Io non lavoravo, quel giorno. Ma non ho guardato la tv; un po' spinta dal classico “e chi se ne frega?”, un po' dalla mia ostinata volontà di essere sempre controcorrente: beh, ho fatto una stupidaggine. Per non dire di peggio. Me ne sono accorta un attimo dopo aver letto il titolo dell'articolo pubblicato sul Corriere. E poi la sera stessa, dopo aver parlato per mezz'ora di quanto l'abito di Kate somigliasse a quello di Grace Kelly, quando mia madre mi ha detto, sorridendo: “Hai sentito cosa gli ha detto mentre scendeva dalla carrozza?”. Oltre ad aver finalmente capito da chi ho ereditato il mio romanticismo, ho capito anche un'altra cosa.

Quella che si è celebrata in mondovisione è la prima unione fondata sull'amore di tutta la storia della casa reale. William e Kate si sono conosciuti al college, hanno fatto l'amore, hanno convissuto, si sono presi e lasciati come una coppia qualsiasi. Anche se la loro non lo era affatto dato che il “lui” in questione era niente po po di meno che il principino dei Windsor. Se questa non è una rivoluzione, ditemi voi cos'è. Certo, sarebbe molto più semplice pensare che avrebbero potuto che ne so, scappare e arruolarsi nei corpi di pace; pensare allo spreco di denaro, al fatto che sia inconcepibile come una famiglia possa portare avanti un potere su base dinastica, insomma solo per il fatto di avere il sangue blu, e sentite un po': per volontà divina.

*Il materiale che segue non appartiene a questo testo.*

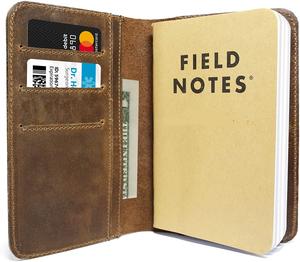 Custom Made Buffalo Leather Old Vintage Look Travel and Cosmetic <b>Pouches</b> and Cases Ideal <b>for</b> Resale by Leather Good Stores - Product Image 6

Sarà per una questione caratteriale o per colpa del segno zodiacale che mi ritrovo, ma io ai gesti eclatanti, alle rivoluzioni che partono dallo stomaco preferisco quelle che prendono il via dalla mente. Gli animi prendono fuoco con molta facilità, per motivi spesso futili. E, con altrettanta facilità, si spengono. Chi fa il suo e cerca di cambiarlo dall'interno, il sistema, invece, non si limita a cavalcare l'onda, ma continua a remare anche con la bonaccia: farà il doppio della fatica, forse non diventerà mai un eroe da ricordare, ma il minuscolo risultato che avrà raggiunto non glielo leverà nessuno, e da lì quelli che verranno dopo potranno partire per andare dove vorranno.

William e Kate a loro modo hanno sfidato la casa reale. Perché lui ha il sangue blu e lei rosso come tutti gli altri (sì, è ricca. Ma da quando in qua è una colpa?). Perché lei ha deciso di passare la notte prima delle nozze in un albergo e non, come direbbe l'etichetta, a Bukingam Palace. Perché il loro è il primo (almeno ufficialmente) matrimonio già consumato. Perché divideranno casa con Harry (il fratello di William) almeno finché non decideranno dove vivere. Insomma, perché hanno creato quello che i giuristi chiamerebbero “precedente”, un “modello per le future interpretazioni”. E se lo fai, non puoi tornare indietro – almeno non passando inosservato. Le regole reali da troppo tempo sotto naftalina sono state messe in discussione non da “uno del popolo” ma da un reale in persona e questo non può che significare qualcosa.

Che dire, dunque? Viva William & Kate!